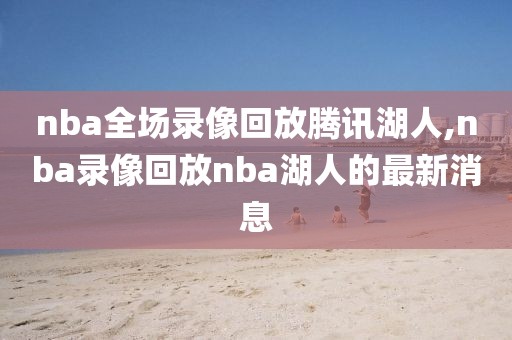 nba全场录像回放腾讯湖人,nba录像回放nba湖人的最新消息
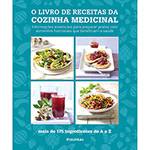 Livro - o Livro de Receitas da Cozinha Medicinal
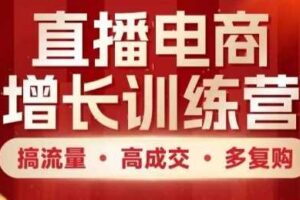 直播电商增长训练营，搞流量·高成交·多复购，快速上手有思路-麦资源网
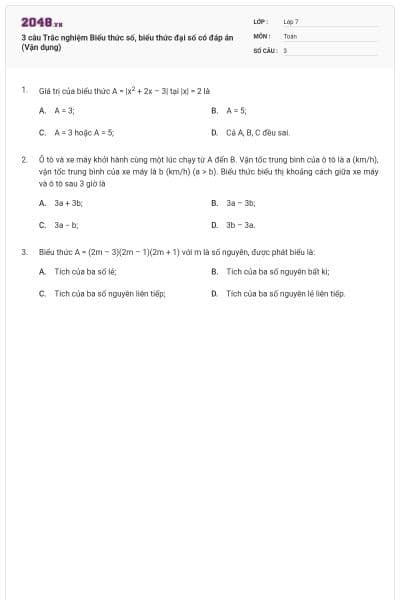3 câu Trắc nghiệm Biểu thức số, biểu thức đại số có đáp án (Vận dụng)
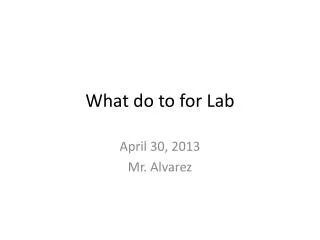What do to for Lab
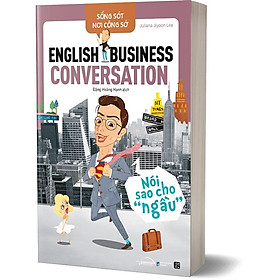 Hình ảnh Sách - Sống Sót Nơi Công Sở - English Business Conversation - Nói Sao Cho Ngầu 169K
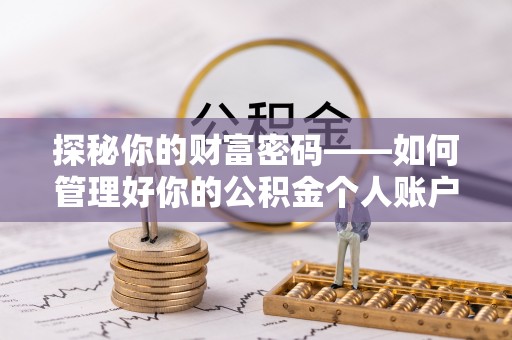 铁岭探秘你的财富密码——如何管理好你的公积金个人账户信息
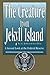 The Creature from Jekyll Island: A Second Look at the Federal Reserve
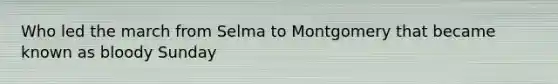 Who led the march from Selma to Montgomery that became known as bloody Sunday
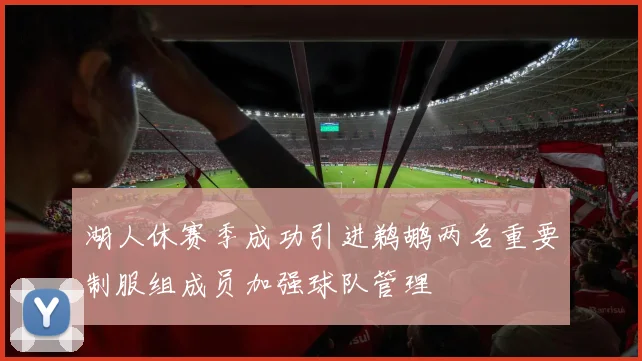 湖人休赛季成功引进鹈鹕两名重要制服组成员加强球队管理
--------------------------------------------------
- **Assignment**:
A word-for-word copy of the entries above is needed, with every picture dropped.

- **Written reply**:
 nba全场录像回放腾讯湖人,nba录像回放nba湖人的最新消息
 Livro - o Livro de Receitas da Cozinha Medicinal
 直播电商增长训练营，搞流量·高成交·多复购，快速上手有思路-麦资源网
3 câu Trắc nghiệm Biểu thức số, biểu thức đại số có đáp án (Vận dụng)
What do to for Lab
 Hình ảnh Sách - Sống Sót Nơi Công Sở - English Business Conversation - Nói Sao Cho Ngầu 169K
 铁岭探秘你的财富密码——如何管理好你的公积金个人账户信息
 The Creature from Jekyll Island: A Second Look at the Federal Reserve
 Who led the march from Selma to Montgomery that became known as bloody Sunday
 湖人休赛季成功引进鹈鹕两名重要制服组成员加强球队管理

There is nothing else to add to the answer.